Several points must be considered when comparing the effectiveness of different diets. Firstly, energy restriction as a tool for inducing weight loss is highly effective in obese subjects, and trials have reported mean weight losses of 10-15 kg over six months of treatment.5 14 16 The relapse rate, however, is remarkably high–50% of all patients regain or exceed their pretreatment weight at 12 months' follow up. Because a high fat content of the diet plays a role for the development of obesity, the low fat principle seems more appropriate as a tool for weight maintenance. We therefore chose to test the two diet principles after an initial weight loss of 12-13 kg.

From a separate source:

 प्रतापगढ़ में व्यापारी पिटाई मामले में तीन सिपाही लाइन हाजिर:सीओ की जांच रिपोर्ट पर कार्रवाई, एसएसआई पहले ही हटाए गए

Secondly, compliance is a crucial factor for weight loss. During their trial of ad lib, low fat diets, Lyon et al gave subjects an evening meal to be consumed at home. The meal was enriched with radiolabelled glucose, and the subjects were asked to collect expired air in a test tube after the meal. The recovery of radiolabelled carbon was used as an index of adherence to the diet, and the authors found a strong correlation between adherence and loss of body fat (r =0.74). Consequently, a small or no weight loss may be attributed to lack of compliance to the diet.

Finally, for nutritional public health policy, our results support the theory that a low fat diet could contribute to preventing obesity. Even a mean weight loss of 2-3 kg may produce a substantial reduction in the prevalence of obesity on a population basis. The recent observation that the prevalence of obesity is increasing concomitantly with a decrease in dietary fat content does not in conflict with this, because the level of daily physical activity is also decreasing. There is an important interaction between exercise level and fat oxidation, indicating that the amount of fat in the diet has to be reduced for a given reduction in total energy expenditure in order to achieve energy balance.